I swim four times a week. My time in the pool is truly my own. While I am swimming, it seems as if I am all that exists.
My mother taught my sisters and I to swim when we were knee-high to a grasshopper. Mom was magnificent in the water. Her precise strokes often gave her the look of Esther Williams, an American competitive swimmer and actress. It gave her a real kick of energy.
My father came from a family that was afraid of the water. His mother cautioned him to stay out of pools and lakes, as they were dangerous. Throughout his life, dad never learned how to swim, but he approved of mom instructing us. No doubt, he knew the Gemara in Tractate Kiddushin, which states that a father is obligated to teach his son Torah, a trade and to swim, as well as to find him a wife.
In the summertime, our family would frequently go to Bingemans park in Kitchener, Ont., where we’d spend the day on the beach, frolicking and swimming the way children do. Mom called it “heaven.” Dad would often join us, despite his busy rabbinical schedule. That was a treat. He would always have a sefer with him and spend his time learning Torah. Dad would initiate his time at the park by dipping his toe in the water, or walking in the shallow area, a ritual that seemed to reflect his desire to swim.
I have a distant memory from our time at Bingemans, in which I believe I was drowning. (Apparently, memories of almost drowning are quite common.) I think I was five and I was in a flotation device with a dragon’s head, treading freely. Little waves began to carry me away from my family. I remember feeling frantic and thinking that everyone around me was happy, but I was about to drown.
Somehow, I reversed the direction I was floating in and saved myself. This entire incident likely took a moment. Nobody believed I was about to drown. But I thought I was.
My mother used to swim 100 laps a day in her condo’s swimming pool. She was known as the pool lady and her neighbours would marvel at her stamina and passion for swimming well into her 80s. Eventually, I moved into the same building and I, too, took to swimming regularly. Sometimes, we’d swim together, but we’d rarely converse, so that we could accomplish our goals.

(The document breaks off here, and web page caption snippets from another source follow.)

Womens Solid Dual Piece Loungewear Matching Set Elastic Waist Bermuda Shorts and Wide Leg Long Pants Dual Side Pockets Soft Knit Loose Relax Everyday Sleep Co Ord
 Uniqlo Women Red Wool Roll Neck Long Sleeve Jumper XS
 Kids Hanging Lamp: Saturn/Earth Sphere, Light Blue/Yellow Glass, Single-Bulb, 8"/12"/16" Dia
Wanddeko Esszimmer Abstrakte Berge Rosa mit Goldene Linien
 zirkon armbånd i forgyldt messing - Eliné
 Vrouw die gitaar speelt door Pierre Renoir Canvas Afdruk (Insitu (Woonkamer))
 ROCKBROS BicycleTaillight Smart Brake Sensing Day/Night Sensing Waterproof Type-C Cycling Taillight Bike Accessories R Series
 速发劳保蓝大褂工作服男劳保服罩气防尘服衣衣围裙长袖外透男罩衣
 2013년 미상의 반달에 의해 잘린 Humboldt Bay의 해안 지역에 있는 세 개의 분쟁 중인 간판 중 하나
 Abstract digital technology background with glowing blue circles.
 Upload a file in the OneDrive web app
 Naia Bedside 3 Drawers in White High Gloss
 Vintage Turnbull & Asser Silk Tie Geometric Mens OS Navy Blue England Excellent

Mom used to say that she’d leave all her troubles in the pool. I think that was the case, especially as she got older and her brother, Menashe, passed away, making life that much tougher. I used to joke while I was swimming that I would often see one of her troubles floating by me. It would slowly dissipate and ultimately disappear. Yet the water remained unpolluted.
Being in the water feels as if we are being called back to the womb. There is a peacefulness to it, a serenity, especially when you are underwater and the incessant noises of the world are no longer. The greater buoyancy we experience reflects the enchantment one might feel walking on the moon.
I swim a lot nowadays, and while I might bump my head on the end wall from time to time, I cherish the times when I am up to my neck in water and the world is entirely still. There’s nothing like it.